[Python-Dev] len(chr(i)) = 2?

Sat Nov 20 10:05:38 CET 2010

Am 20.11.2010 05:11, schrieb Stephen J. Turnbull:
> "Martin v. Löwis" writes:
> 
>  > The term "UCS-2" is a character set that can encode only encode 65536
>  > characters; it thus refers to Unicode 1.1. According to the Unicode
>  > Consortium's FAQ, the term UCS-2 should be avoided these days.
> 
> So what do you propose we call the Python implementation?

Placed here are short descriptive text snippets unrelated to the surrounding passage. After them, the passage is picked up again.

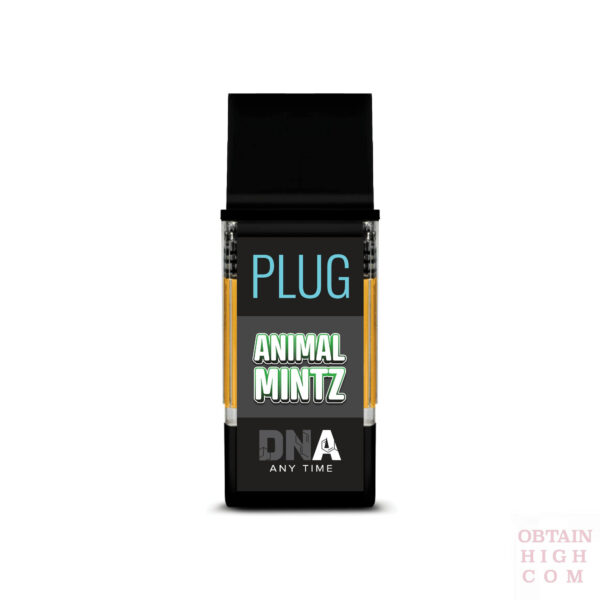 PLUGPlay™️ Animal Mintz DNA 1 Gram PLUG™️ 3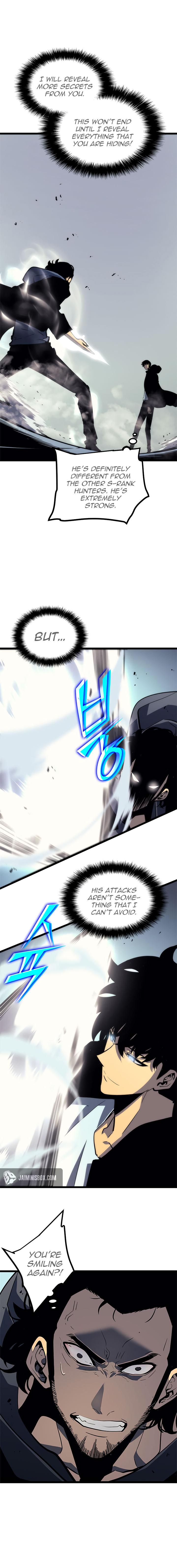 Solo Leveling chapter 94 page 12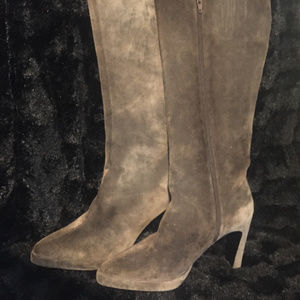 Genuine Suede Boots from Newport News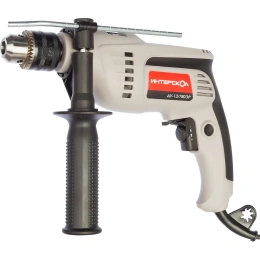 Дрель ударная ИНТЕРСКОЛ ДУ-13/780ЭР [421.1.0.00]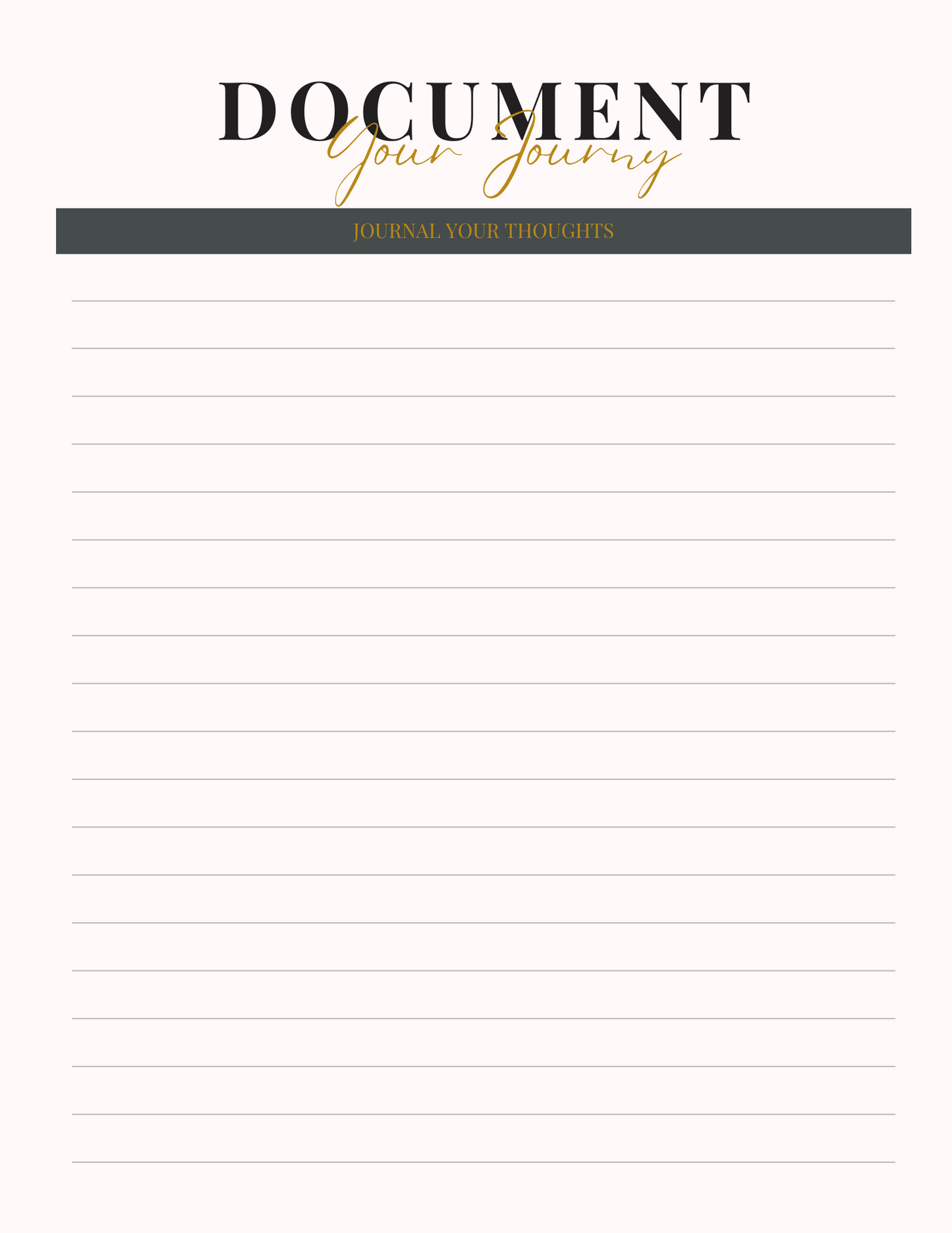 The Travel Planner | e-Book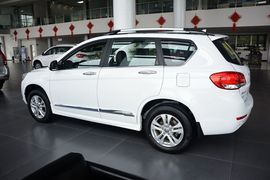 2015款哈弗H6 升级版 1.5T 手动两驱尊贵型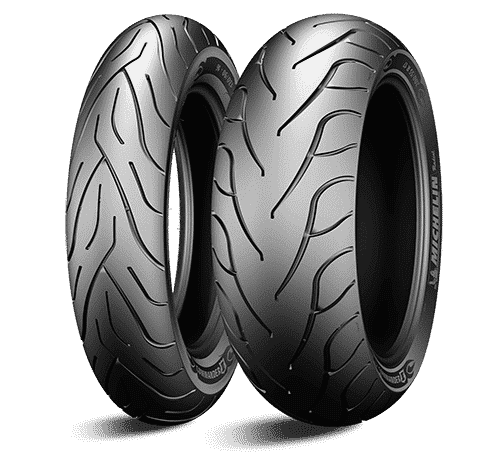Мотошина ZR19 120/70 Michelin COMMANDER II 60W передняя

A technical correct description would be to say that Python uses either
16-bit code units or 32-bit code units; for brevity, these can be called
narrow and wide code units.

> Strictly speaking, internally Python only encodes 65536 characters in
> 2-octet builds.  Its (Unicode) string-handling code does not know
> about surrogates at all, AFAIK

Here you are mistaken: it does indeed know about UTF-16 and surrogates
in several places, e.g. in the UTF-8 codec, or in the repr()
implementation; likewise in the parser.

> and therefore is not UTF-16 conforming.

I disagree. Python does "conform" to "UTF-16" (certainly in the
sense that no UTF-16 specification ever mandates a certain Python
API, and that Python follows all general requirements of the
UTF-16 specification).

> AFAIK this was not supposed to change in Python 3; indexing and
> slicing go by code unit (isomorphic to UCS-n), not character, and due
> to PEP 383 4-octet builds do not conform (internally) to UTF-32, and
> can produce output that conforms to Unicode not at all (as a user
> option, of course, but it's still non-conformant).

What behavior specifically do you consider non-conforming, and what
specific specification do you think it is not conforming to? For
example, it *is* fully conforming with UTF-8.

Regards,
Martin